━━━━━ Material shown ━━━━━

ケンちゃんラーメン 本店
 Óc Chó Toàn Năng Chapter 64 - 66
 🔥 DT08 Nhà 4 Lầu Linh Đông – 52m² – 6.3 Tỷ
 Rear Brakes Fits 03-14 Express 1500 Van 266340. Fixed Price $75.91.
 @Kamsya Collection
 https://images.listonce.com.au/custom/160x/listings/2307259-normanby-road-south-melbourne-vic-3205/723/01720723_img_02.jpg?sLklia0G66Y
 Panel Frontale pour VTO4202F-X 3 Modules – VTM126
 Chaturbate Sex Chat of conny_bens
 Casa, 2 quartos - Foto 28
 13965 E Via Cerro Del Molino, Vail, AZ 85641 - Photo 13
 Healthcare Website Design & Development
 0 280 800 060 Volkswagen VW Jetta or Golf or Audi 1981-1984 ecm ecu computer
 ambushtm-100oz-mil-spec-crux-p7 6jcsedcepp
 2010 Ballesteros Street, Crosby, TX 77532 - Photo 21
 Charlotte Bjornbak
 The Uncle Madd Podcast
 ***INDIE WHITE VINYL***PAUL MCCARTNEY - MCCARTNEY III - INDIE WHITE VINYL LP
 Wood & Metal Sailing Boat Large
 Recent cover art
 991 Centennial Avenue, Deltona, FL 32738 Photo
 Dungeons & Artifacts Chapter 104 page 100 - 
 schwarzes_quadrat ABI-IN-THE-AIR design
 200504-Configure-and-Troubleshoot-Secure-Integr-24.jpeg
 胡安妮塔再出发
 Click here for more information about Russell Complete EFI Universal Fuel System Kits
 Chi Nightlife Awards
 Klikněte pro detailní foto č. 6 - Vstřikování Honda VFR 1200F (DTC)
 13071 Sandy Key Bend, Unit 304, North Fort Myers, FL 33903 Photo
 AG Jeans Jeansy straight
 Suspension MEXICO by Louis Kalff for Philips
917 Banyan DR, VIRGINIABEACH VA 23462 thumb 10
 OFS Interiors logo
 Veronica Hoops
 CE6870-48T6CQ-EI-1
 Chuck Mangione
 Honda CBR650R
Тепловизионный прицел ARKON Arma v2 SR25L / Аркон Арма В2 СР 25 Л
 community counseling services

━━━━━

Task to carry out: Whenever the word "Chapter" appears in a line of the listing, copy out that line.

Task output:
 Óc Chó Toàn Năng Chapter 64 - 66
 Dungeons & Artifacts Chapter 104 page 100 - 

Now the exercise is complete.